Segment Start: AVAILABLE DATA

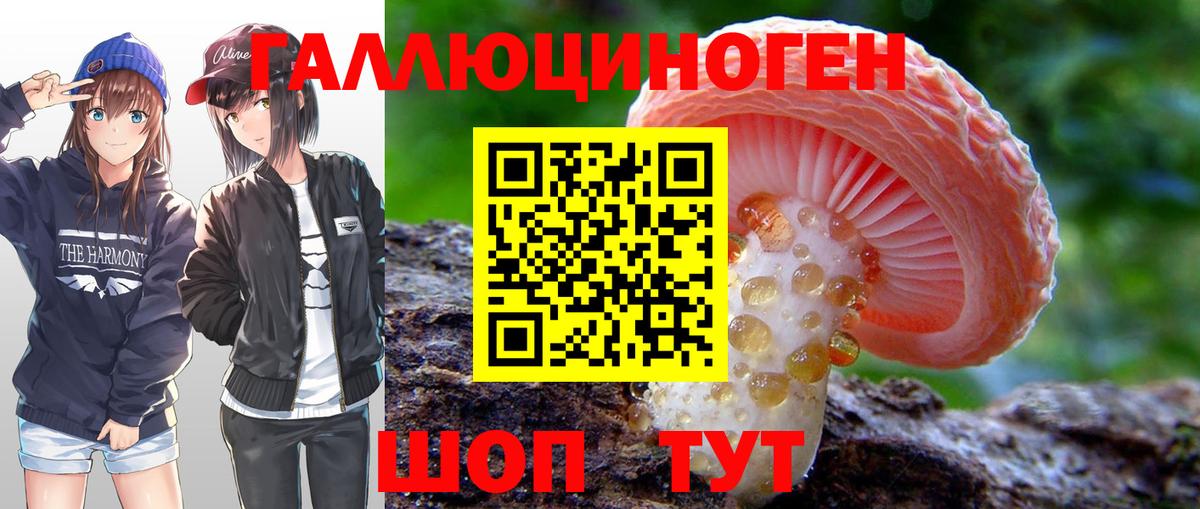 Дивногорск  Галлюциногенные грибы ЛСД  Вход с VPN  Псилоцибиновые грибы Cubensis 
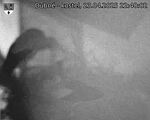Capi_Dubne_20250423_224002.jpg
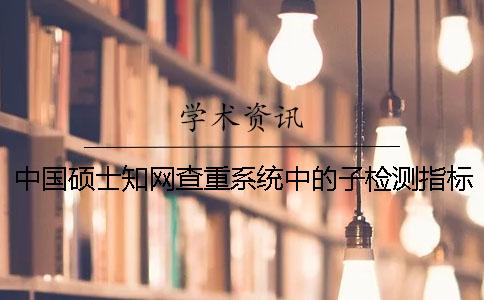 中国硕士知网查重系统中的子检测指标关于段的定义及其指标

Segment End: AVAILABLE DATA

(WHAT TO WORK ON)
An exact, word-for-word version of the material is required, free of pictures.

(SOLUTION BELOW)
 Дивногорск  Галлюциногенные грибы ЛСД  Вход с VPN  Псилоцибиновые грибы Cubensis 
Capi_Dubne_20250423_224002.jpg
 中国硕士知网查重系统中的子检测指标关于段的定义及其指标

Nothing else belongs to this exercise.